Participants in the Solicitation
Kimco and the Company and certain of their respective directors
and executive officers and other members of management and
employees may be deemed to be participants in the solicitation of
proxies from the common stockholders of Kimco and the shareholders
of the Company in respect of the proposed transaction under the
rules of the SEC. Information about Kimco’s directors and executive
officers is available in Kimco’s proxy statement dated March 17,
2021 for its 2021 Annual Meeting of Stockholders. Information about
the Company’s directors and executive officers is available in the
Company’s proxy statement dated March 15, 2021 for its 2021 Annual
Meeting of Shareholders. Other information regarding the
participants in the proxy solicitation and a description of their
direct and indirect interests, by security holdings or otherwise,
is contained in the joint proxy statement/prospectus and other
relevant materials filed with the SEC regarding the merger when
they become available. Investors should read the joint proxy
statement/prospectus carefully before making any voting or
investment decisions.

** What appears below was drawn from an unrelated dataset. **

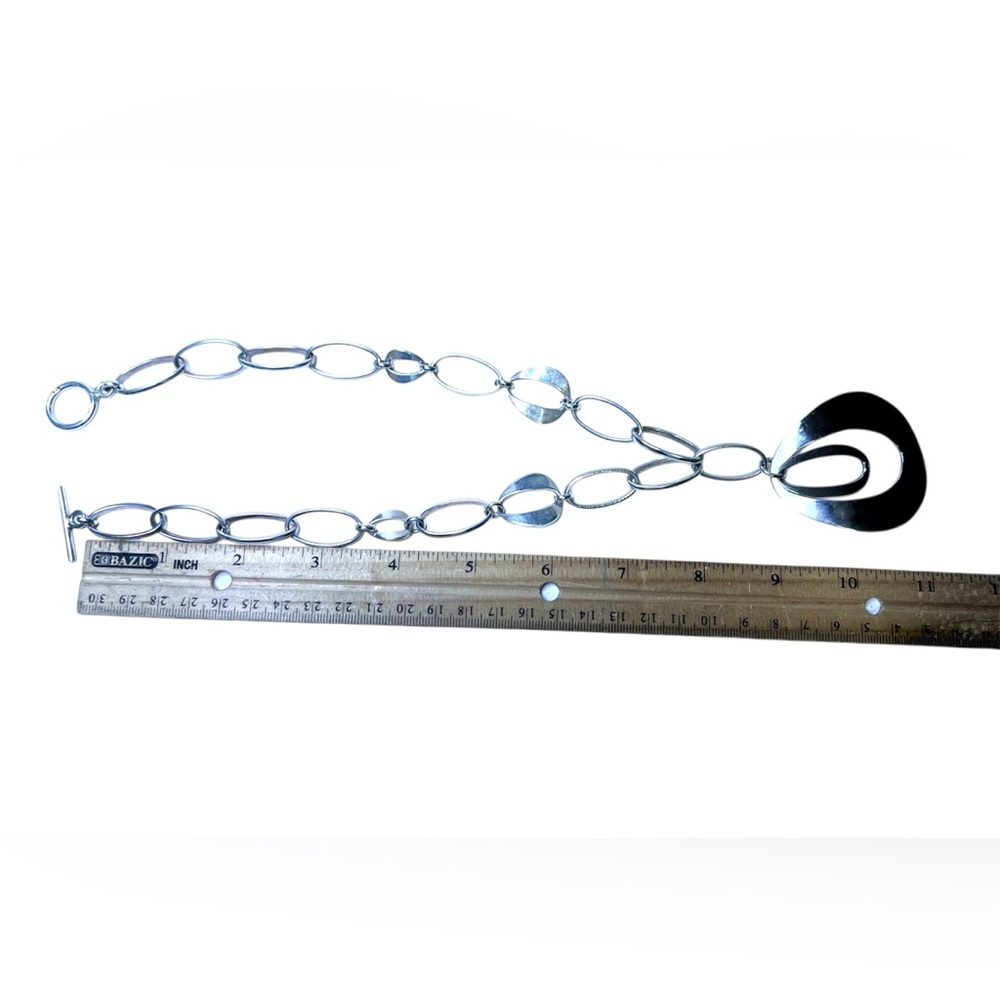 925 Sterling Silver Link Necklace about 11.5-12” long - Picture 8 of 9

You may obtain free copies of these documents
from Kimco or the Company using the sources indicated above.
No Offer or Solicitation
This communication shall not constitute an offer to sell or the
solicitation of an offer to buy any securities, nor shall there be
any sale of securities in any jurisdiction in which such offer,
solicitation or sale would be unlawful prior to registration or
qualification under the securities laws of any such jurisdiction.
No offering of securities shall be made except by means of a
prospectus meeting the requirements of Section 10 of the Securities
Act.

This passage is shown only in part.